Extra metadata with API feeds

I’d like to propose extra optional fields to be returned by the root/stub API endpoint.

Specifically to allow the Dashboard (new version is under development) to be documented entirely from a feed under the publisher’s control, we could add:

  • Organization name
  • Organization URL
  • Developer name
  • Developer URL
  • Summary text

There may be extra data (like administrator email address) which should not be in an open feed and should stil be communicated manually.

1 Like

Jumping in here for the first time to piggy back on this, I’d like to also propose that the version field returned from the same GET / endpoint should be a constant with a value of HSDS-UK-3.0 or something similar.
To me it becomes a much more useful field if it can be relied upon to describe the version in a constant format, particularly going forward if each new version of the standard used a constant field here as well.

As for Mike’s original proposal the extra fields would be useful for our current development and could be useful for others trying to consume this APIs as well.

2 Likes

As agreed at the last technical standing committee meeting, I’ve drafted MBT10038 - Use cases for extra metadata with API feeds.

I’ve opened the link to comments by anyone and will accept all sensible suggest changes or raise them with the committee if controversial.

@klambacher I think you said you’d review and add to this. Feel free to change my text as you think fit.

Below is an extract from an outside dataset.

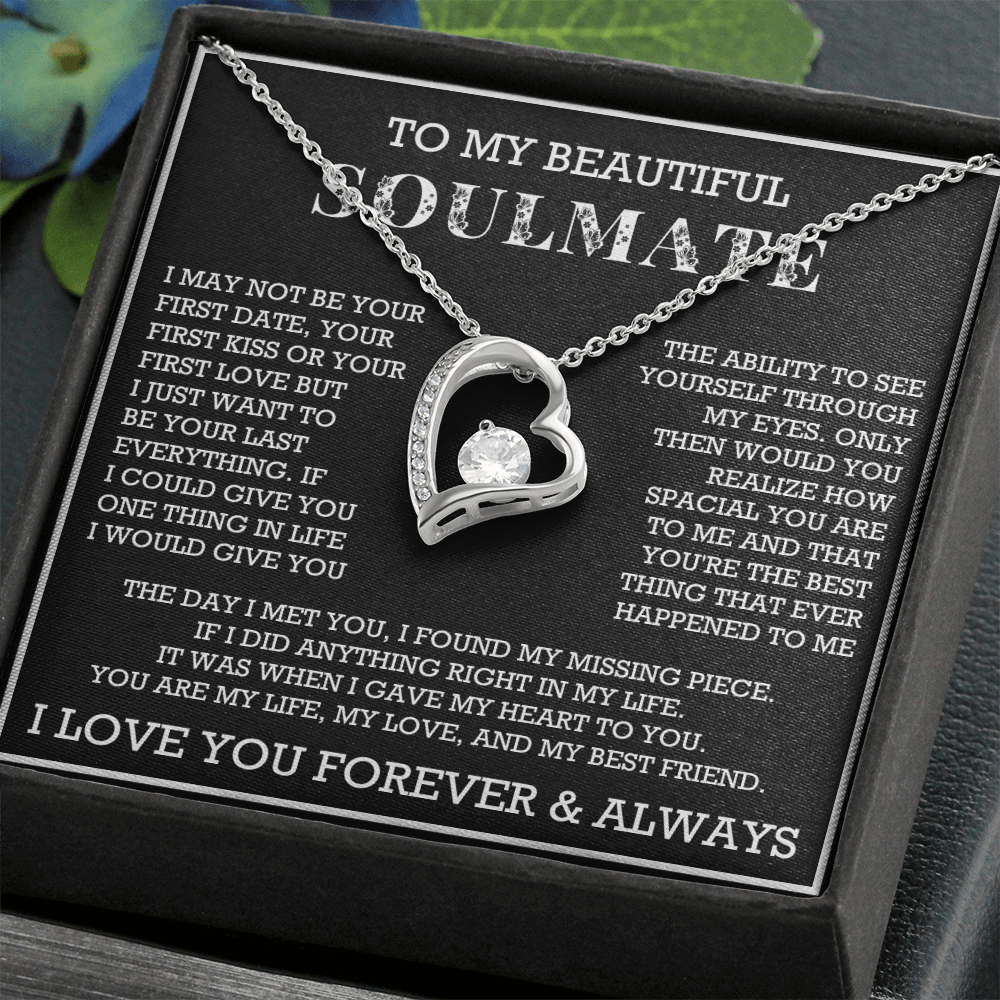 Forever Love To My Soulmate Heart Necklace, Anniversary Soulmate Jewelry, Gift for Girlfriend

Thanks @MikeThacker for pointing me to this - just noting having this field as a constant wouldn’t for minor or patch releases due to backwards compatibility requirements (e.g. data than conforms to 3.0 also conforms to 3.1)

However we could still have a fixed list of acceptable versions or a pattern

1 Like

As we discussed, I wanted to chime in with some of the meta data that we have need in the past and why; some is tied to the file / feed and some is per-record. I’ll break it down by who “needs” the extra information and why.

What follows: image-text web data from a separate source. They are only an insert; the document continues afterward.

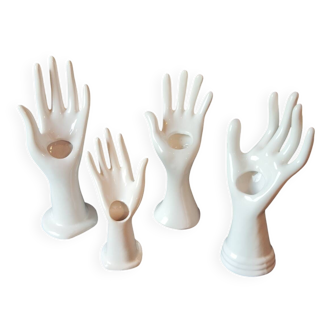 Set of 4 white ceramic hands – vintage ring holders and bud vases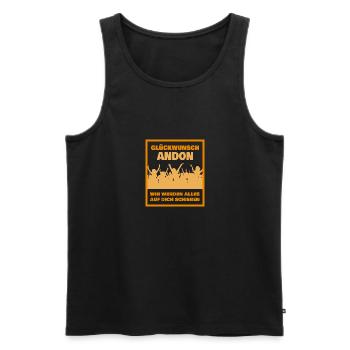 Kollege Andon - Männer Premium Bio Tank Top - Schwarz - Vorne - AI Model Male 178 light (178cm)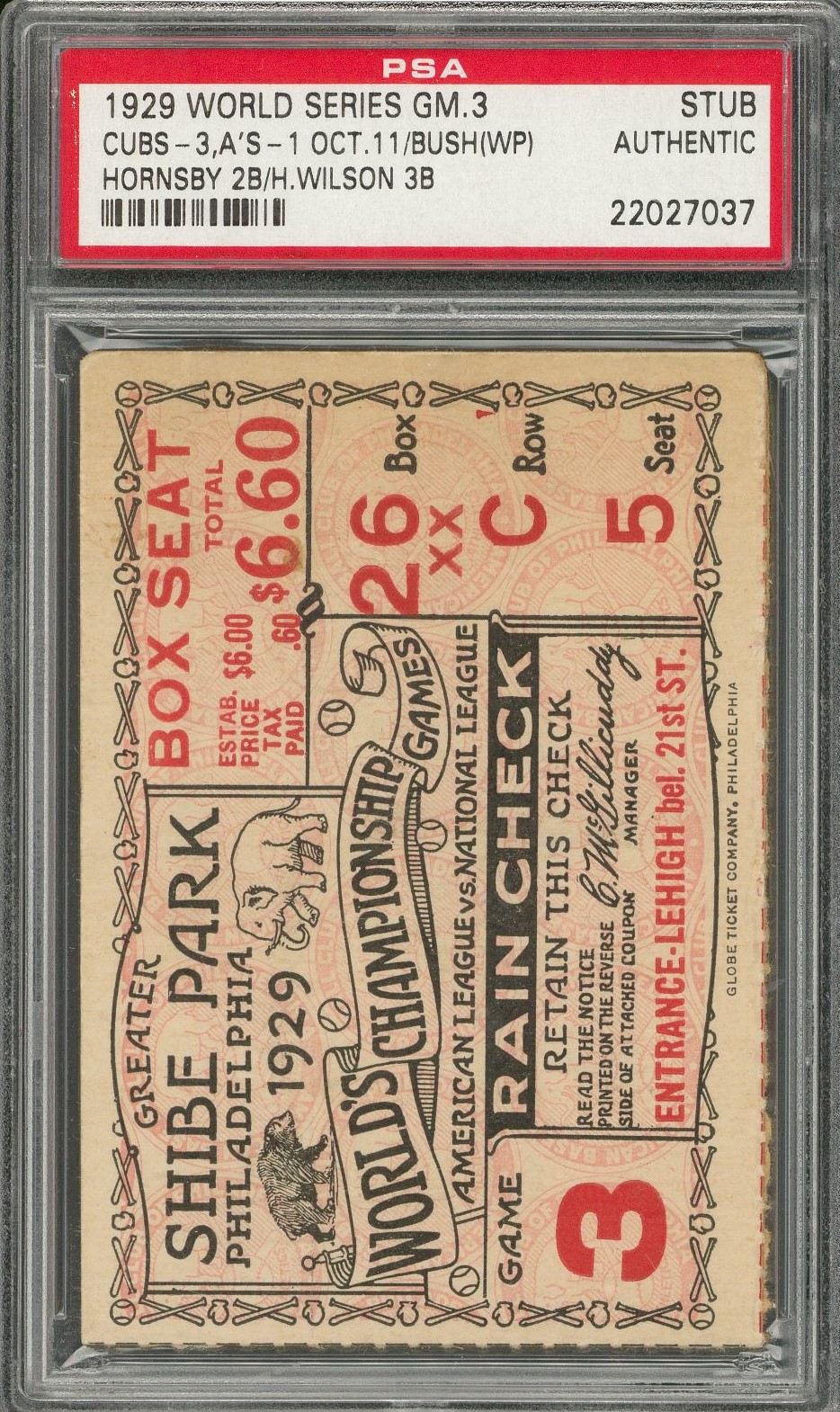 Lot Detail - 1929 World Series Game 3 Ticket Stub From 10/11/1929 (PSA)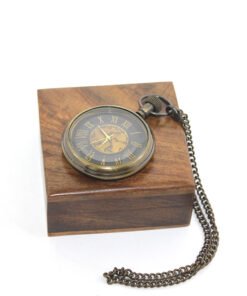 TTT Ahşap Kutulu Pirinç Köstekli Saat Model 8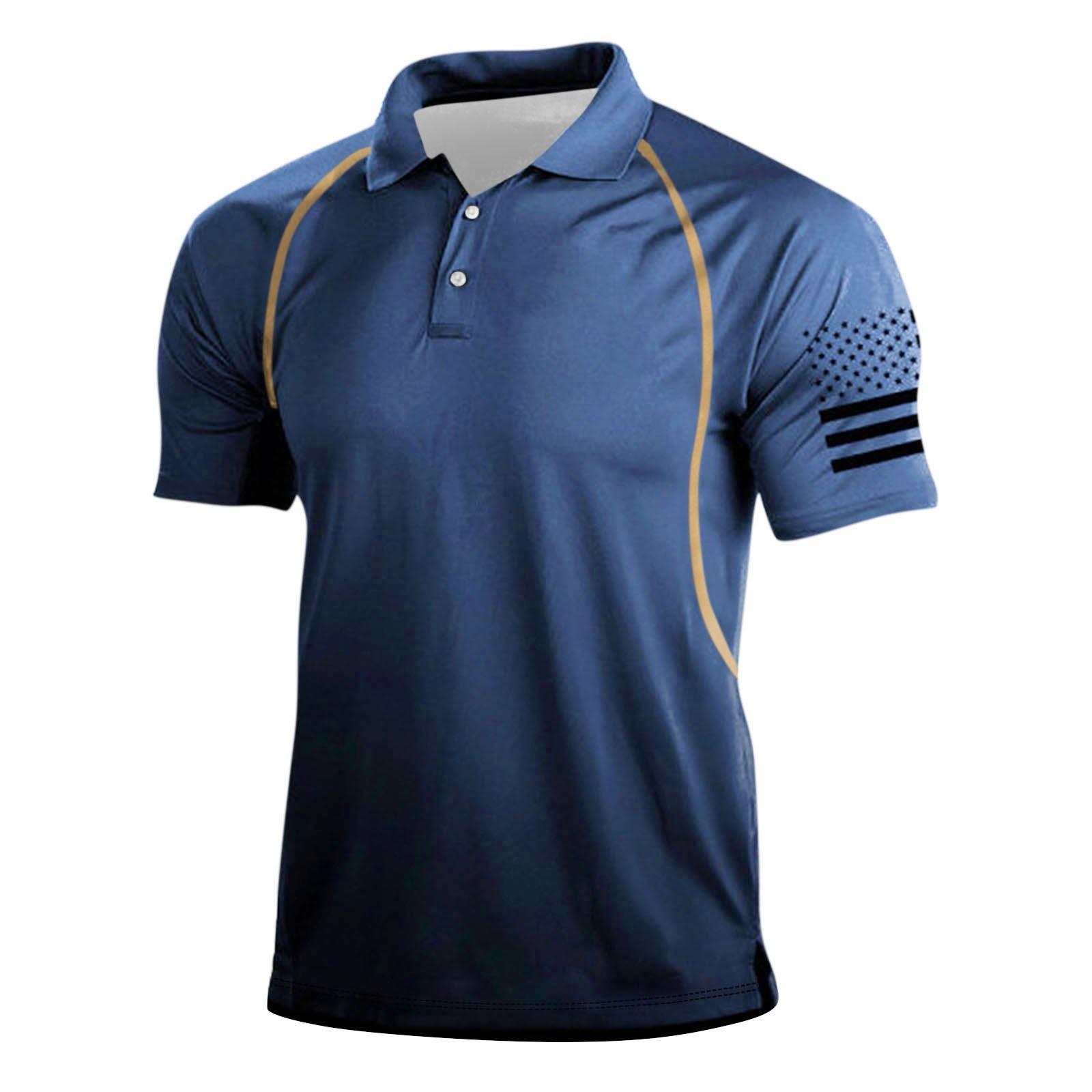 

Европейский и американский мужской топ в стиле ретро на открытом воздухе, топ с короткими рукавами и цифровой печатью L синий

  1. System / software level:
    We have different protocols for import based on the source system, even with the same incoming format, and our external ID storage is actually system code (specifically, the software it came from, but theoretically we could accept system codes that were multiple sources but the same software) + external ID. This allows distinct handling based on source (e.g. taxonomy or coverage area name transformations). For non-GUID identifier systems (not an issue with HSDS but is an issue for some systems we manage) it also allows for a unique ID to be created via system code + external ID, even in cases where we have the record coming in with the same ID but gets forked / duplicated for various reasons. This is also distinct from what we would call the source database name/URL, since we can have the same software or version but multiple sources / feeds.

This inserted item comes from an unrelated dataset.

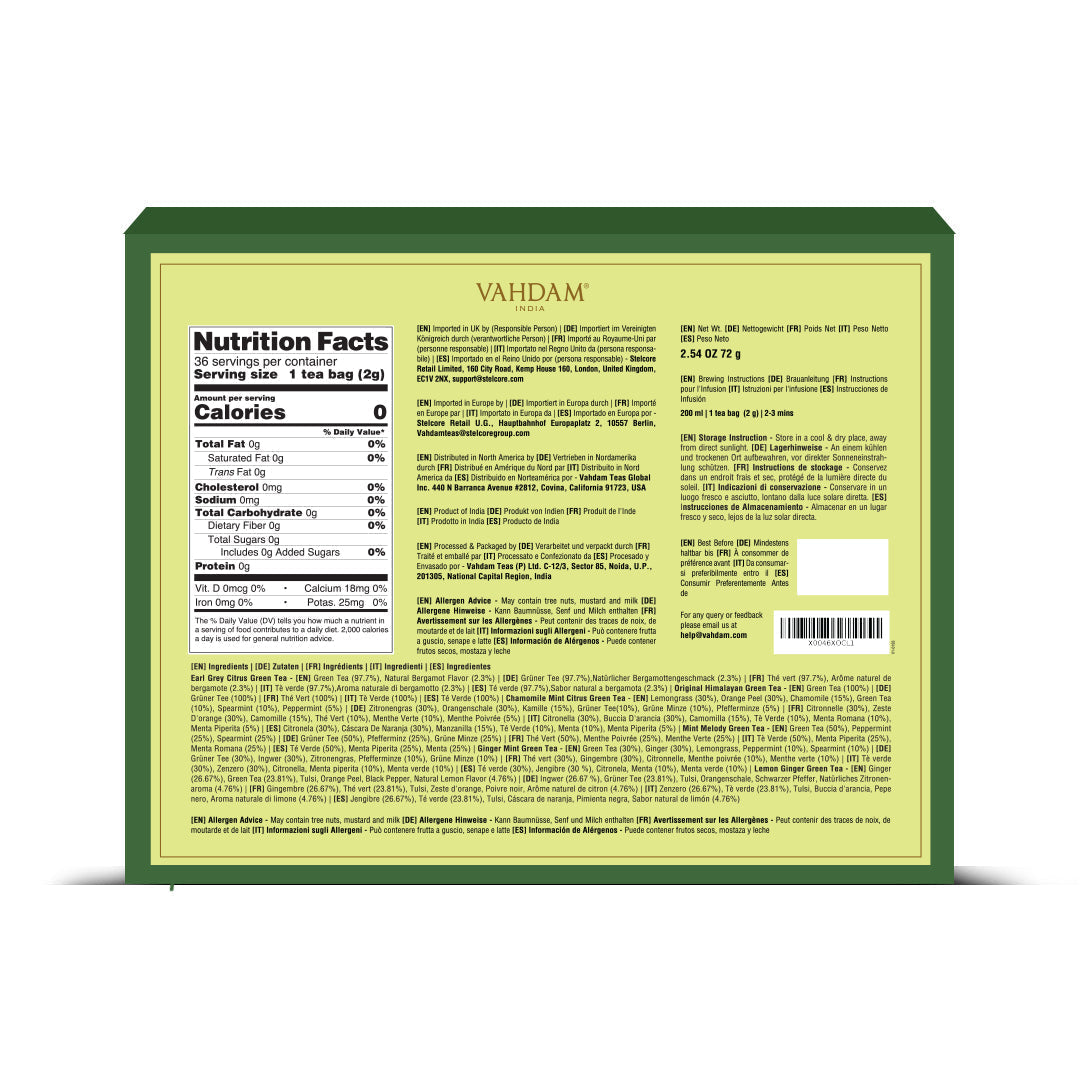 Green Tea Assortment, Gift Set, 36 Teas 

  2. Funder / attribution:
    In some cases we have data from multiple data managing organizations or multiple public source sites coming out of the same software system in the same file / feed. This means attribution at the system level is not sufficient, and needs to be available per-record, for funder verification of contributions + data quality analysis, and public record attribution in websites etc.

  3. Ability to request changes and report issues:

  • Need both an overall data source / provenance AND where possible the method to use to request corrections to specific data; this is key for trustworthiness and reliability for users.

In sum…

At the file/feed level we would have:

  • Source system code (consistent system-internal identifier for the source software system, which is used for unique ID formation + specialized import handling)
  • Source system name (“user-friendly” database source name in all applicable languages for display purposes)
  • System URL (all applicable languages, this is to the website of the data owners / public database source NOT the software vendor)
  • Source system version
  • Schema version

At the record level we would have:

  • Record owner agency information (we have a unique code + name for attribution purposes and funder use)
  • URL for submission of changes to the record (to account for the public and/or other end user wanting to suggest possible corrections to the data when they do not have direct editorial permissions)

Thanks Kate. I’ll leave others to assess how much these requirements apply to data publishers in general. Just a couple of comments:

  • We already have Schema version (as well as profile)
  • A URL (as well as possible email address) for submitting changes would be useful for the feed as a whole, even if some use record level data instead or use the record-level value as an override

I’ve started writing this up in the proposal template combining Mike and Kate’s suggestions.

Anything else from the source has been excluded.